--- Material provided Enclosed Below ---
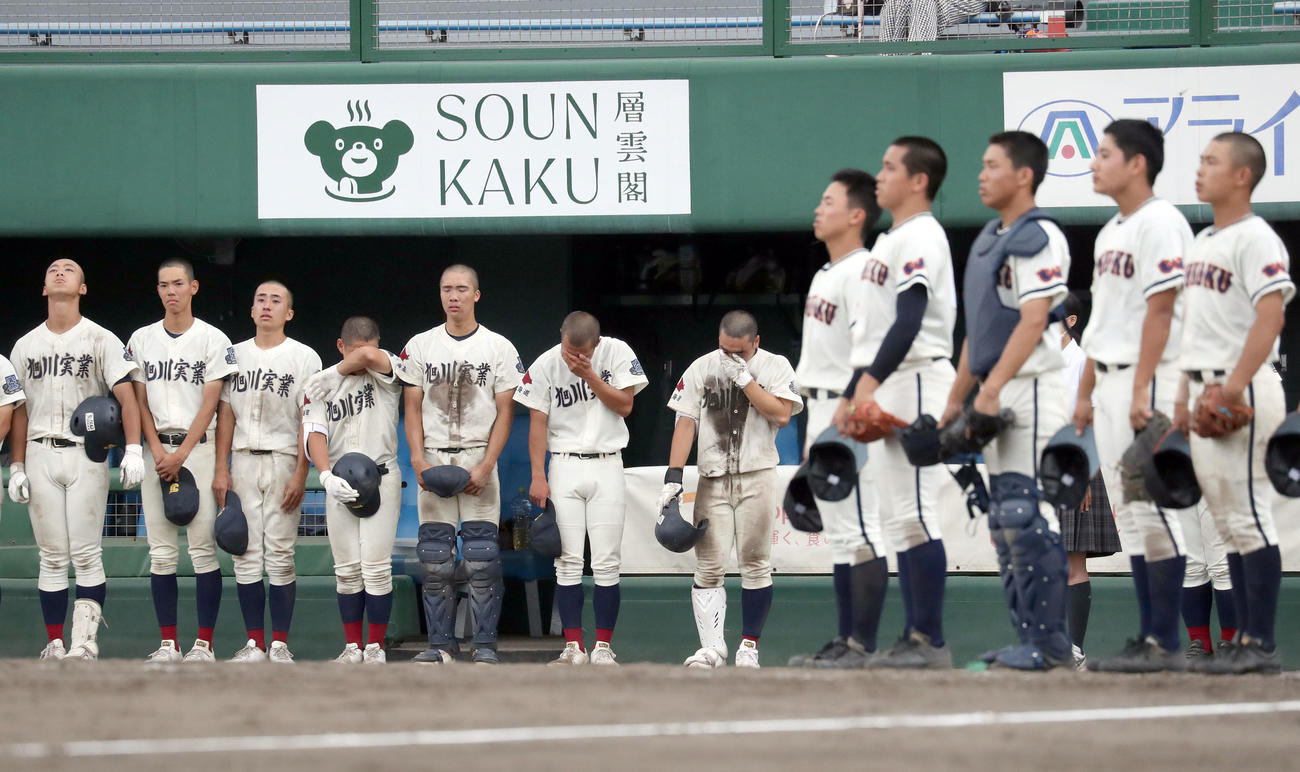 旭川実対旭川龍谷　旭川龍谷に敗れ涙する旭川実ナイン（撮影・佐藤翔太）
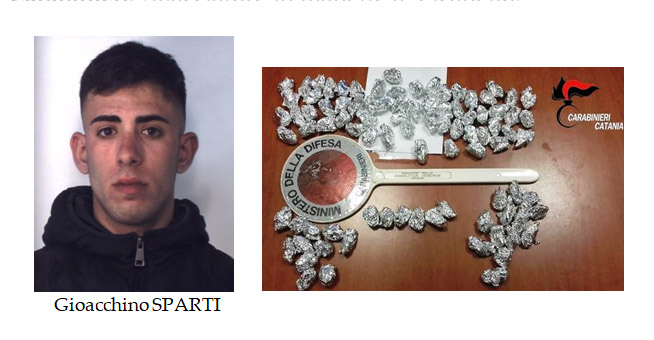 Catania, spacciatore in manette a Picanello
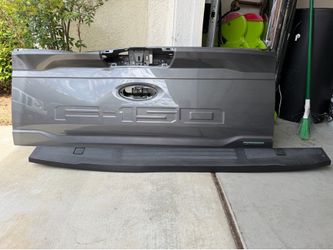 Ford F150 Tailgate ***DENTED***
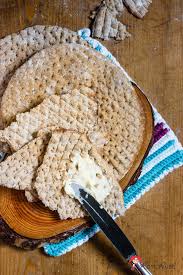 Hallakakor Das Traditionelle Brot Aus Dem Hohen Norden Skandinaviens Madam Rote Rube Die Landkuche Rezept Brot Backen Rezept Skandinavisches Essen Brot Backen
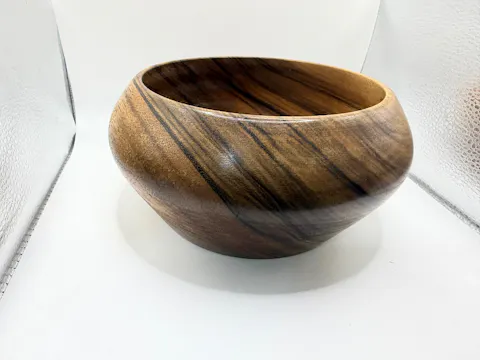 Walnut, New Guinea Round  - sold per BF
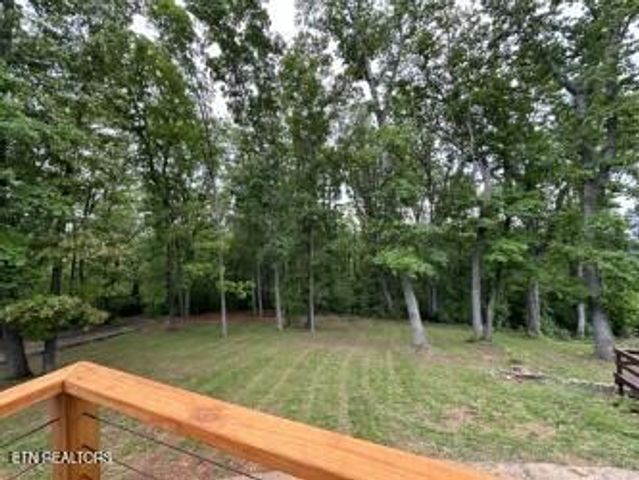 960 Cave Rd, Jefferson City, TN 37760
--- End of Enclosed Material provided ---
--- Material provided Enclosed Below ---
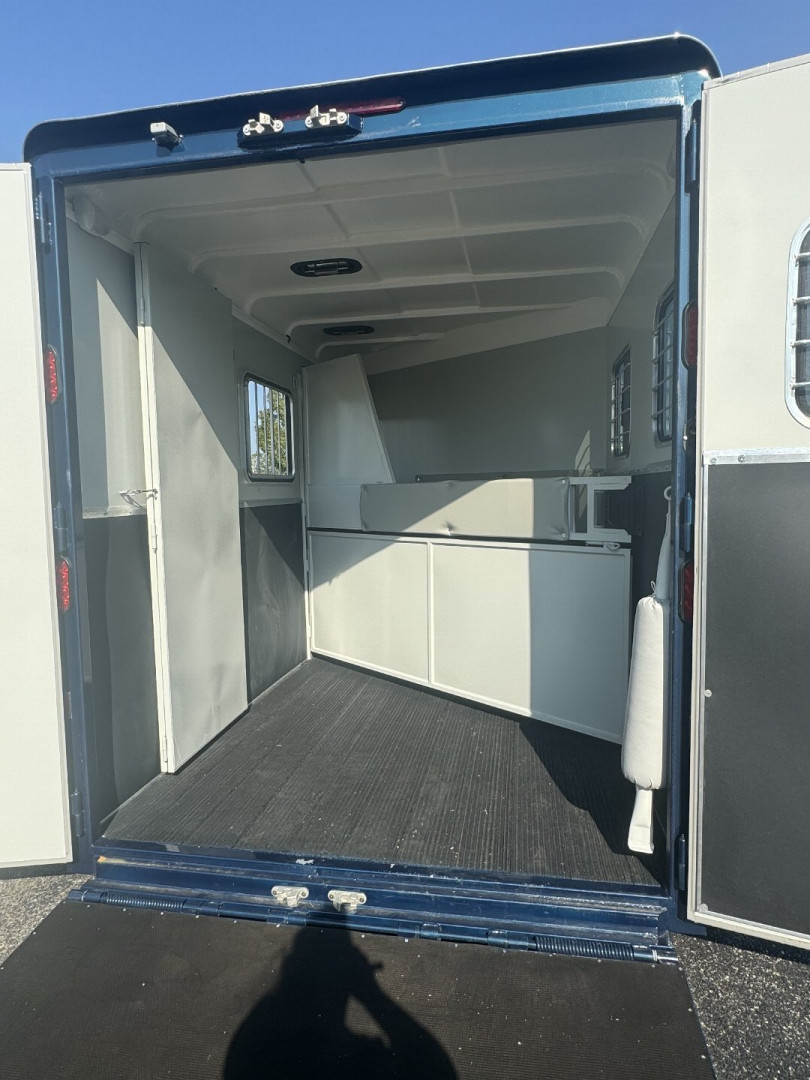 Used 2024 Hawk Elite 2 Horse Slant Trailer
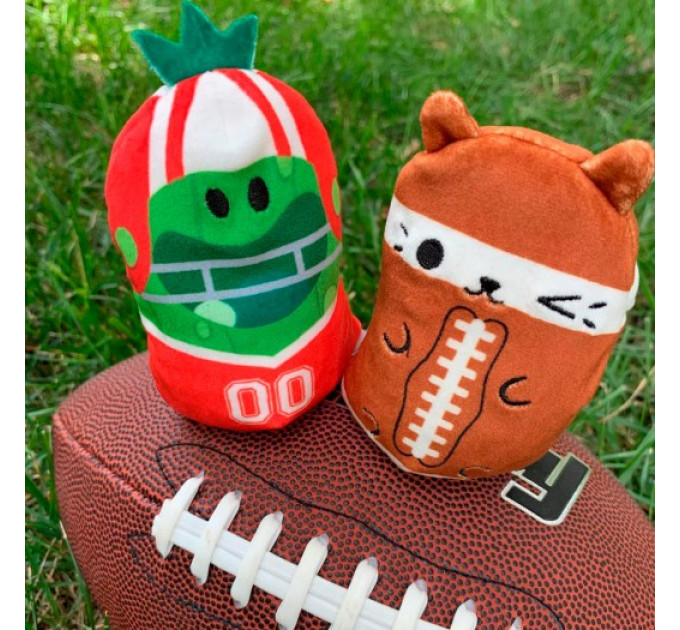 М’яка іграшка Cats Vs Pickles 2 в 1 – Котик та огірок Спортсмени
--- End of Enclosed Material provided ---
- What the task requires: Excerpt from the records above: set down only the lines from the one that contains "Walnut, New Guinea" through the one that contains "960 Cave Rd, Jefferson City, TN 37760", inclusive, word for word. Pictures stay out.

- Answer for this exercise:
 Walnut, New Guinea Round  - sold per BF
 960 Cave Rd, Jefferson City, TN 37760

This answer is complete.